▶ _WHAT YOU SHOULD DO_
Only the number is wanted: count the lines in the data with "down" in them.

▶ _RECORDS SHOWN_
┌──
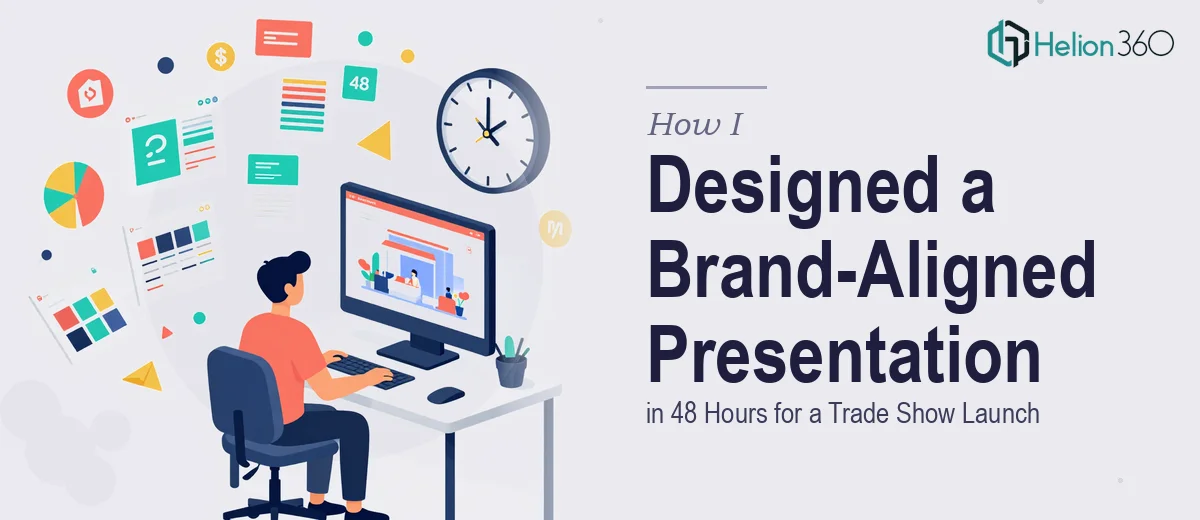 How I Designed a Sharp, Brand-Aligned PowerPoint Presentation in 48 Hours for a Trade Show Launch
└──
┌──
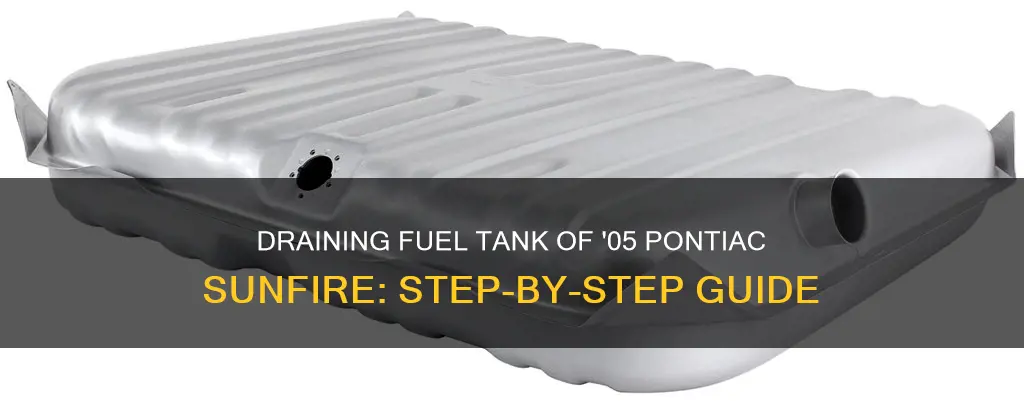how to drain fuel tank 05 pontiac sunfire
└──
┌──
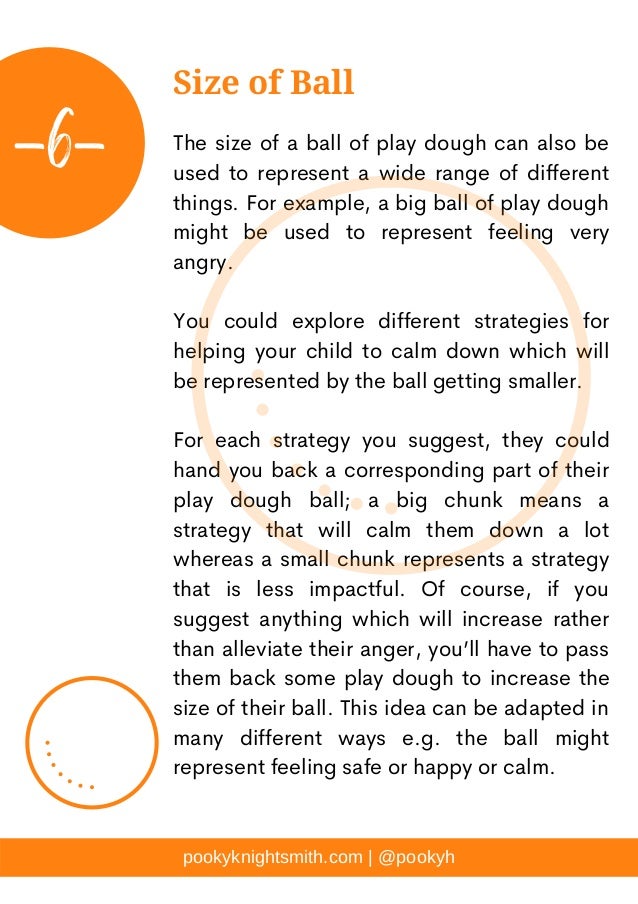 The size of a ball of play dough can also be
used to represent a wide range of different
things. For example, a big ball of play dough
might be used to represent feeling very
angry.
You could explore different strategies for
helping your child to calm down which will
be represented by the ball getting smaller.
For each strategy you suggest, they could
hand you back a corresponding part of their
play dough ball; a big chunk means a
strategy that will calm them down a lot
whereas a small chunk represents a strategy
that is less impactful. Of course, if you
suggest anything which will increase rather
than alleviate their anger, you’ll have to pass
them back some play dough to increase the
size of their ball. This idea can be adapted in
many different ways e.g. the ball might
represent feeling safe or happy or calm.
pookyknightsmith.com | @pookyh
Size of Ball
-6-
└──
▶ _TASK RESPONSE_
2